Syekh Bin Baz pernah menyebutkan bahwa mahram yang dimaksudkan untuk menemani wanita safar ialah laki-laki yang haram dinikahkan dengan wanita tersebut, baik karena nasab, seperti: ayahnya, adik atau kakak laki-lakinya, serta keponakan laki-lakinya. Selain itu, mahram yang dimaksudkan juga termasuk mahram dengan sebab yang mubah, seperti: suaminya, ayah dari suaminya, anak dari suaminya, anak laki-laki dari sepersusuan, ataupun saudara laki-laki sepersusuan. Adapun sesama wanita bukan termasuk mahram yang dapat menemani dalam perjalanan jauh atau safar.

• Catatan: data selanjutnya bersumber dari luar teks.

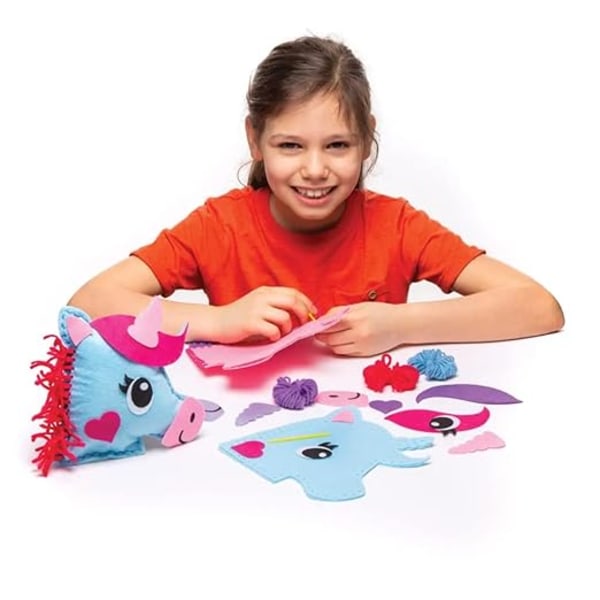 2 Unicorn-tyynyn ompelusarjan set , erilaisia värejä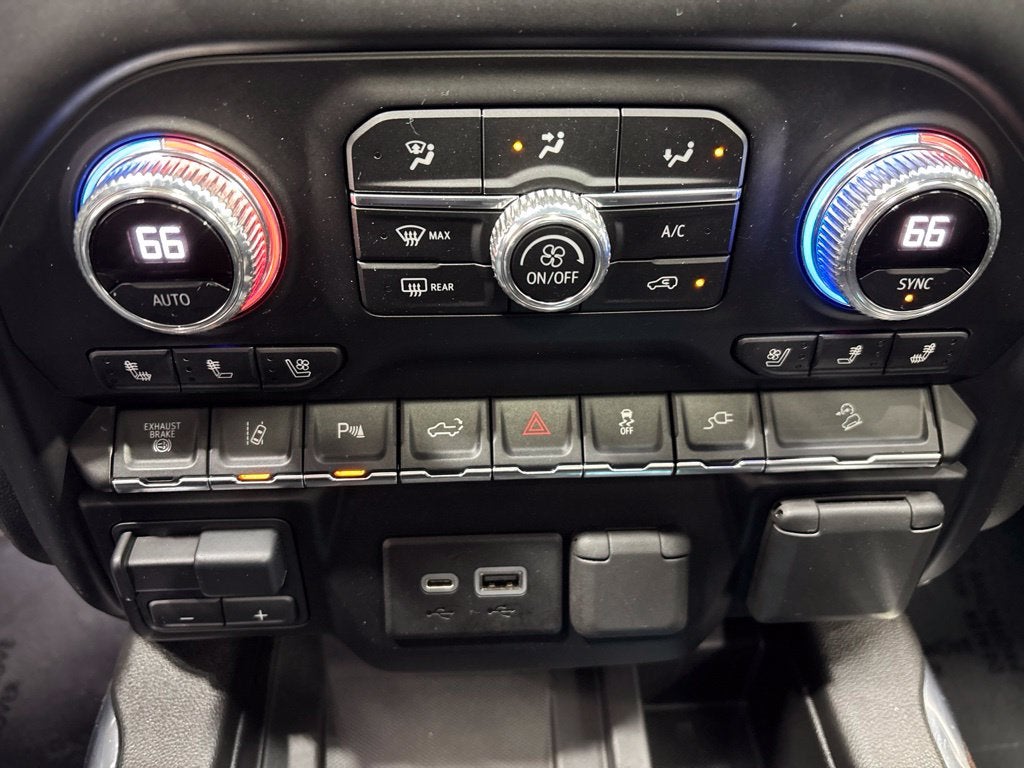 2020 GMC Sierra 2500HD 4WD Crew Cab Standard Bed Denali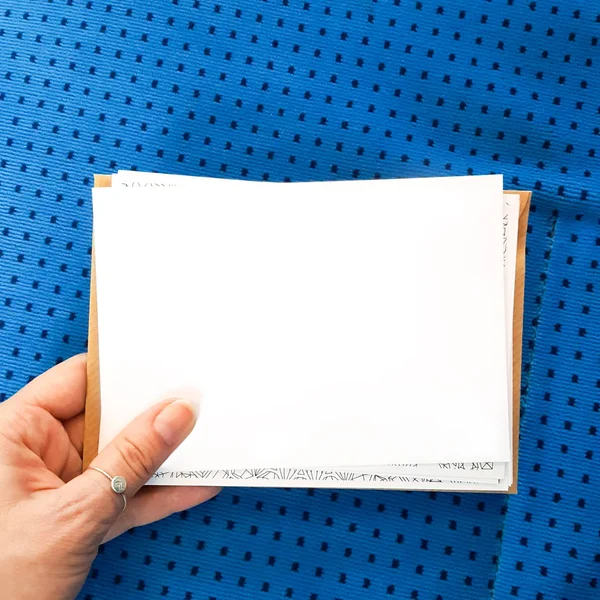 Mockup de cartão A6 em branco no fundo azul — Fotografia de Stock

Tidak diperkenankan pula bagi seorang laki-laki untuk pergi berdua dengan wanita ajnabi (bukan mahram), dan tidak diperkenankan pula bagi mereka untuk safar bersama.
Adapun para ulama berbeda pendapat apakah seorang anak laki-laki harus mencapai usia baligh ataukah tidak agar bisa menjadi mahram bagi ibu atau saudarinya. Jumhur ulama berpendapat jika anak laki-laki tersbut tidak harus mencapai usia baligh, asalkan bisa mendatangkan rasa aman dan mampu mendampingi mahramnya. Namun mazhab Hanbali berpendapat bahwasanya anak laki-laki tersebut haruslah mencapai usia baligh, dan ini pendapat yang lebih hati-hati.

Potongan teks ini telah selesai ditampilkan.